The RUINS of CHOQQUEQUIRAU
This book was especially republished to raise funds for these charities & many more...
33% of the publishers profit from the sale of this book will be donated to charities.
Hiram Bingham (1875 - 1956) was an academic, explorer, treasure hunter and politician from the United States. He obtained degrees from Yale, UCLA Berkeley, and a PhD. from Harvard. He taught history and politics at Harvard and then served as preceptor under Woodrow Wilson at Princeton.
In the 58 pages of this booklet you will find but one of the results of Binghams journeys of discovery into the interior of Peru (See also INCA LAND - ISBN: 978-1-907256-69-1.)
The Incas lived in this land of violent contrasts. In Inca Land one may pass within a few hours from alpine landscapes of snow and glaciers to tropical, humid settings, lush with tree ferns. The story of the Incas is still in a maze of doubt and contradiction.
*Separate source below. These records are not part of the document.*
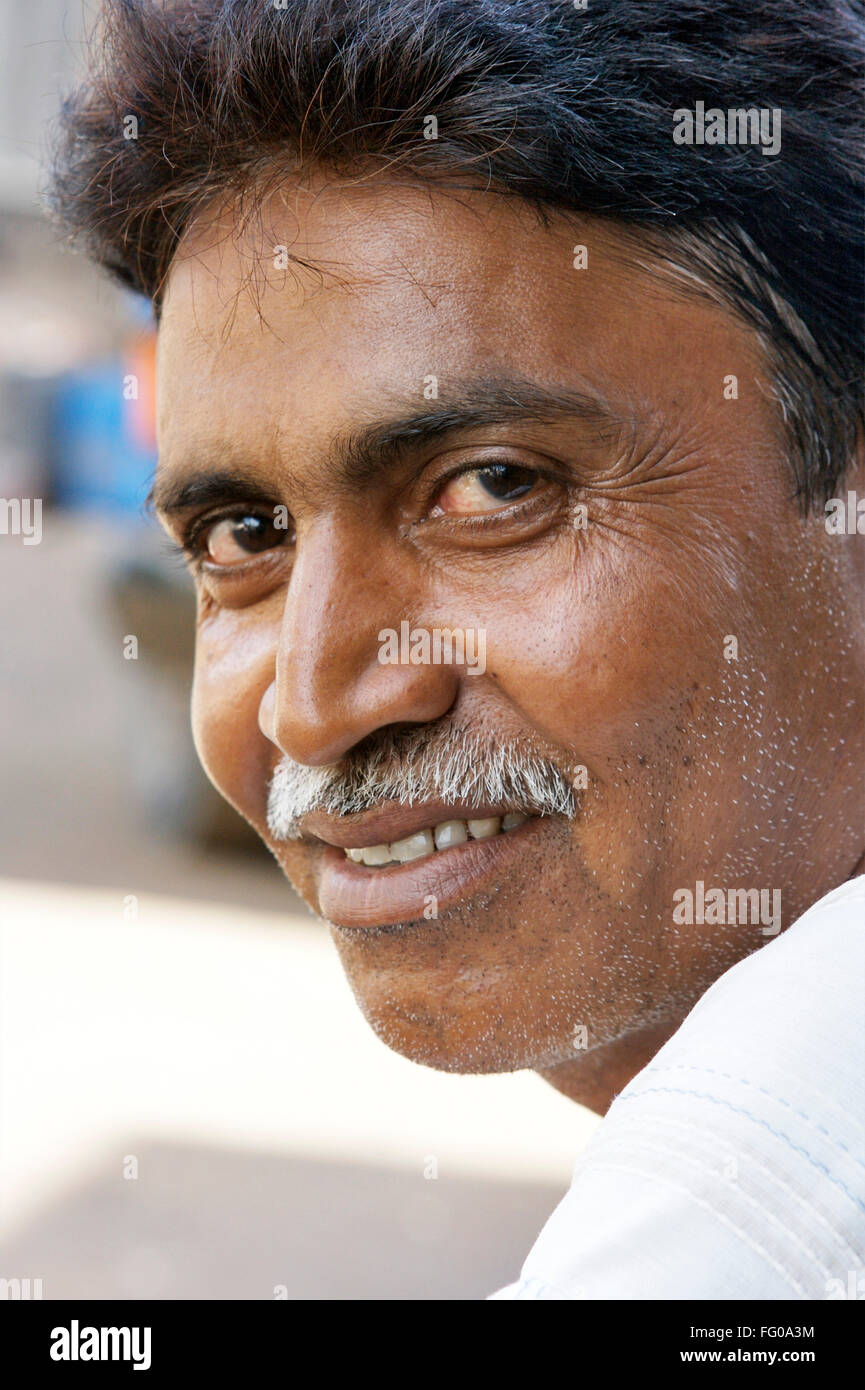 Gujarati man smiling MR#711 Stock Photo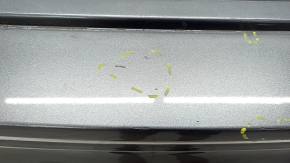 Rear bumper bare upper part VW Tiguan 18- graphite LD7X, pressed, dents, scratches, painted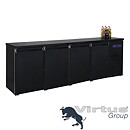 Back bar, 680 liter, 4 dörrar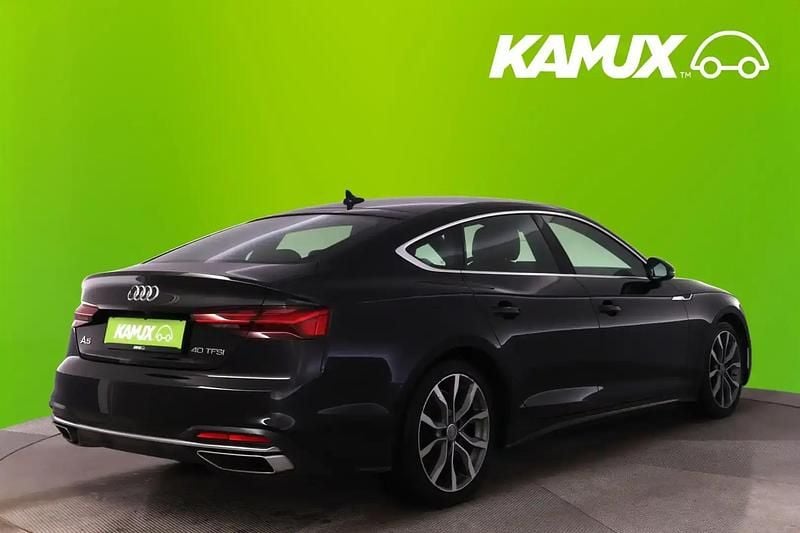 Gebraucht Audi A5 190 PS (139 kW) 2020 Schwarz Coupé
It was this mystery and the romance of nineteenth-century exploration that first led Bingham into the relatively unknown interior of ancient Peru, the Land of the Incas.
In the very last paragraph of this booklet, in a throw-away sentence, Bingham writes, .until someone explores the present village of Vilcabamba and its vicinity. Little did he know when he wrote those words in 1909 that a mere two years later he would be the expedition leader that explored this region sometimes called the Cradle of the Incas. It was then he made the discovery for which he became famous - that of Machu Picchu, the fabled Inca citadel - and the world has been captivated by the mystery and romance of the Land of the Incas ever since.
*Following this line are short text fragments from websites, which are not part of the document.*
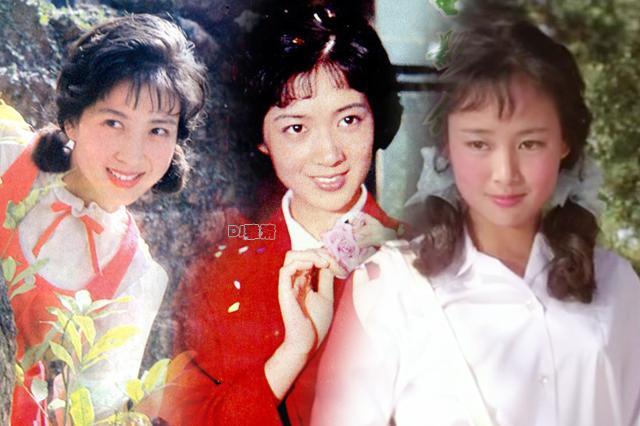 80年代上影厂四大美女个个貌美如花龚雪张瑜两影后谁更难忘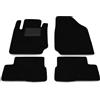 Somer Car Kit Tappetini Auto compatibili con Nissan Micra 2003-2011 | Set 4 tappeti su misura in moquette
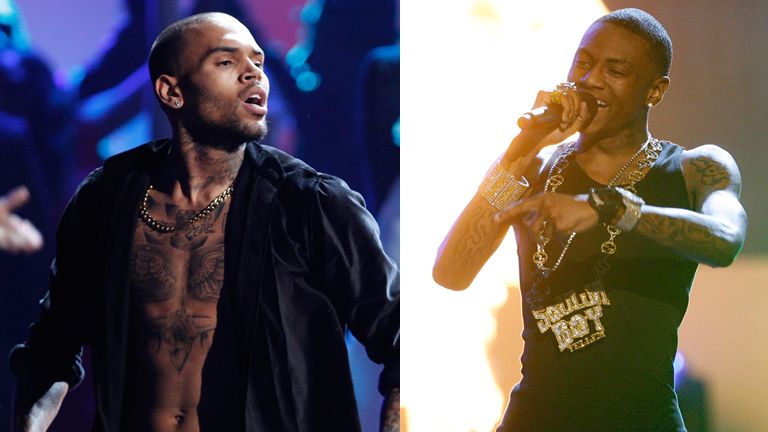 The two rappers have been embroiled in a social media spat for the last week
2011 was the centennial year of Binghams famous announcement and this booklet has been republished, in part, to celebrate his achievement. It has also been republished to raise funds for
PROJECT PERU which gives ongoing and practical support to those who live in extreme poverty in the desert shanty towns of Lima, Peru.
33% of the Publishers profit will be donated to PROJECT PERU.
Excerpt from The RUINS of CHOQQUEQUIRAU
It seems that in Quichua, the language of the Incas, still spoken by a majority of the mountaineers of Peru, Choqquequirau means "Cradle of Gold." Attracted by this romantic name and by the lack of all positive knowledge concerning its last defenders, several attempts had been made during the past century to explore its ruins and to discover the treasure which it is supposed the Incas hid here instead of allowing it to fall into the hands of Pizarro with the ransom of Atahualpa. Owing to the very great difficulty of reaching the site of the ruins a tradition had grown up that the Incas built a great city that once contained over 15,000 inhabitants, high up on the mountain-side, six thousand feet above the river Apurimac. That the tradition had a basis of fact had been demonstrated occasionally by bold mountain climbers who succeeded in reaching a part of the ruin.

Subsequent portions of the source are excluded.